My First Vulnerability is the Last Thing You’ll See

This article is part of the In Defense of the Genre series. Previously, a look at some of our favourite pop punk albums, from the genre’s Big Bang in 1994 through to just before we launched in 2016.


“To get a little academic for a second, the primary emergency of gay history in its first decades was to uncover and to restore histories of gay movements and of gay heroes. And while the culture of academic research has certainly moved on from that, the public conversation really hasn’t.”

– Ben Miller, Bad Gays, Episode 1: “Ernst Röhm”

“be gay, do crimes”

– unknown

Say Anything are a strange band in the history of pop punk, not least because, well, are they a band? Max Bemis, lead singer and sole constant member, wrote all their lyrics and most of their music, and his work is, if not autobiographical exactly, then certainly confessional, in a way that reminds me alternately of Sylvia Plath and Eminem.
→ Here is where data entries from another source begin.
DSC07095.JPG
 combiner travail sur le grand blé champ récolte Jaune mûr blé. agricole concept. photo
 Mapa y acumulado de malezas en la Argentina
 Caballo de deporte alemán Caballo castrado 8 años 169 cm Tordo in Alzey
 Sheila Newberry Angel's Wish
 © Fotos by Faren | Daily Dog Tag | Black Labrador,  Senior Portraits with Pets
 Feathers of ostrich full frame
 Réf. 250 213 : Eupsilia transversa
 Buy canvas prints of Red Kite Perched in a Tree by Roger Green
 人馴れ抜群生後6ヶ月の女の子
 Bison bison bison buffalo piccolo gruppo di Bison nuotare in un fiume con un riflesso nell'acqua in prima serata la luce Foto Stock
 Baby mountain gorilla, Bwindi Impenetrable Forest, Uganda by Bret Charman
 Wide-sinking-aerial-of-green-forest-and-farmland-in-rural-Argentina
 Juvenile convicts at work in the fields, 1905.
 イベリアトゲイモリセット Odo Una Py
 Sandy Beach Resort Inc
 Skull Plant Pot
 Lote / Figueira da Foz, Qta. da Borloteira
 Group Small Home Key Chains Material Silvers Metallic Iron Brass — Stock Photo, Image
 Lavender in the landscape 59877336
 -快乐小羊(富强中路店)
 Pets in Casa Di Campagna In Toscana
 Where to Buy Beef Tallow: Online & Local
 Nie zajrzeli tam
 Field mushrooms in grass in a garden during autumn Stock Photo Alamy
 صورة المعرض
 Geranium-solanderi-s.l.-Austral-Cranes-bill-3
He mentions people in his life by name in his songs a lot, particularly his wife and children in his later career, and usually without bothering to explain who they are for the unfamiliar listener. But other members of Say Anything have co-written music on most of their records, and many of them just credit Say Anything, rather than breaking down who did what. On the sliding scale between a solo project with a band name and a regular band with a primary songwriter, I tend to file Max Bemis and Say Anything in the same folder as Robert Smith and The Cure, Trent Reznor and Nine Inch Nails or John Darnielle and The Mountain Goats: bands that consist of one person and whoever they’re making music with at the time, too collaborative to be solo projects, but too mercurial to feel like a regular band.

Their sophomore album …Is a Real Boy is widely acclaimed as one of the best pop punk albums of all time and particularly regarded as one of the crown jewels of Bush-era emo, but they’ve pretty much never had a major hit. Not even …Is a Real Boy, which didn’t chart in a year when Blink-182, Green Day, Good Charlotte, Simple Plan, New Found Glory, Taking Back Sunday and even The Offspring (on their seventh album!) made the Billboard Year-End 200. Good Charlotte had two albums on it, and Green Day moved from #86 in 2004 to #2 in 2005 as the worldwide success of American Idiot turned it into one of the best-selling albums ever. My Chemical Romance released their sophomore album, Three Cheers for Sweet Revenge, in 2004 too, and also missed the year-end chart, but in 2005, they joined Green Day in the top 200 with Fall Out Boy, Simple Plan, Good Charlotte, Bowling for Soup and Jimmy Eat World. Say Anything had no such luck.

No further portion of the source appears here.